OJS OCS OMP OHS

You are viewing the PKP Support Forum | PKP Home Wiki



Database issue

Are you responsible for making OJS work -- installing, upgrading, migrating or troubleshooting? Do you think you've found a bug? Post in this forum.

Moderators: jmacgreg, btbell, michael, bdgregg, barbarah, asmecher

Forum rules
What to do if you have a technical problem with OJS:

1. Search the forum. You can do this from the Advanced Search Page or from our Google Custom Search, which will search the entire PKP site. If you are encountering an error, we especially recommend searching the forum for said error.

2. Check the FAQ to see if your question or error has already been resolved.

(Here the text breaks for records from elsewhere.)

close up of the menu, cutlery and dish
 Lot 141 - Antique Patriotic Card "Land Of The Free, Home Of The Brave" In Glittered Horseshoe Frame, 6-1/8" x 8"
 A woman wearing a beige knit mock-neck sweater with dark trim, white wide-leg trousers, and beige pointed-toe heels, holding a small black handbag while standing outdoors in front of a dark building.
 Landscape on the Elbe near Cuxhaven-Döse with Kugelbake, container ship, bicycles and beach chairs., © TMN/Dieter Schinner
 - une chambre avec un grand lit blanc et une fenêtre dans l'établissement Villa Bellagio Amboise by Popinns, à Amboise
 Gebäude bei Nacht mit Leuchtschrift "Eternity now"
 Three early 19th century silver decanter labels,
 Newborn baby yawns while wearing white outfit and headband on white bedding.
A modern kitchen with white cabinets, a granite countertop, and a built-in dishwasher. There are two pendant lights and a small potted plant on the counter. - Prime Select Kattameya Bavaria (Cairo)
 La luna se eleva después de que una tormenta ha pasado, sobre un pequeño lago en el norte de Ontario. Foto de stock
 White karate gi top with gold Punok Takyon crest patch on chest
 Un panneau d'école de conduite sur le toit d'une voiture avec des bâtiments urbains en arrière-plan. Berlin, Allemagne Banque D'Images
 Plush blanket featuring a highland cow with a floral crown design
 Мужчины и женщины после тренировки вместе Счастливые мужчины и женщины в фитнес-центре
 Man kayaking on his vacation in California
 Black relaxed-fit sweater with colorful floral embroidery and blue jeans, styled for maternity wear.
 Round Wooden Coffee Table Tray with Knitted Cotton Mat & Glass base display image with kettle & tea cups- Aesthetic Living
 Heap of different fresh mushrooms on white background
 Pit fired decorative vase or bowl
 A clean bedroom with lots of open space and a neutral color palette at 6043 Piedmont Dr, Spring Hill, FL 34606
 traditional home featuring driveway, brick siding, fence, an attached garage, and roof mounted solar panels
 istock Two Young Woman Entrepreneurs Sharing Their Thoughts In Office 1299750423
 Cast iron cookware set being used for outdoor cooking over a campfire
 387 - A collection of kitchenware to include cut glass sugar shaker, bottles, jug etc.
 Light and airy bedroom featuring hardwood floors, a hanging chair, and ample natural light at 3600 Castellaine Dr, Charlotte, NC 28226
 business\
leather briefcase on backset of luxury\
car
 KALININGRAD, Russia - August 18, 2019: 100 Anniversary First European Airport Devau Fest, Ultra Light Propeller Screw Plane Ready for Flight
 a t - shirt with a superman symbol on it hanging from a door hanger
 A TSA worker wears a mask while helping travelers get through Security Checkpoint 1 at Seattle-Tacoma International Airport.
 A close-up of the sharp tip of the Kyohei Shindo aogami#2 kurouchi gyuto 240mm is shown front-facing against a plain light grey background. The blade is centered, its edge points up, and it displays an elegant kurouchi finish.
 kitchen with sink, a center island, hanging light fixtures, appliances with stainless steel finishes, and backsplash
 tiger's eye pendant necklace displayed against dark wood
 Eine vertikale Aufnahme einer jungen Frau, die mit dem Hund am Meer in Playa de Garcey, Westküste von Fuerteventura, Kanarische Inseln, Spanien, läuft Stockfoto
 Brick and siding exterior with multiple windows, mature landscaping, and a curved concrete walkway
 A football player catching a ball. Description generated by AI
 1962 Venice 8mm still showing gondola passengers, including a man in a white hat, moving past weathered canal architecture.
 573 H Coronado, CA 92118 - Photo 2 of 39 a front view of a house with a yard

3. Post a question, but please, only after trying the above two solutions. If it's a workflow or usability question you should probably post to the OJS Editorial Support and Discussion subforum; if you have a development question, try the OJS Development subforum.

Re: Database issue

Postby khufu » Wed Jun 06, 2012 11:40 am

Jason, all,
I realized that I am using the importExport.php improperly.
I need to import news defined as follows:
a TITLE
a BODY
a DATE
nothing else.
The browsing of the news using the web page is optional; what is very important is the atom/rss feed.
So now my question.
How should be the xml file ?
I mean the simplest that does not overload the dabase.

thanks
khufu
 
Posts: 23
Joined: Tue Mar 20, 2012 8:19 am

Re: Database issue

Postby JasonNugent » Wed Jun 06, 2012 2:42 pm

Hi khufu,

The importExport script can accept an issue_id on the command line during the import. You can do something like this:

Code: Select all
php tools/importExport.php NativeImportExportPlugin import yourXmlFile.xml journalPath issue_id #####  section_abbrev #####


If you do it that way, all you need to assemble in the XML are the <articles><article...></article></articles> that you want to bring in. You'd specify the issue_id (the ##### bit) on the command line as well, and also the section abbreviation. Doing it this way would prevent the creation of a new issue each time.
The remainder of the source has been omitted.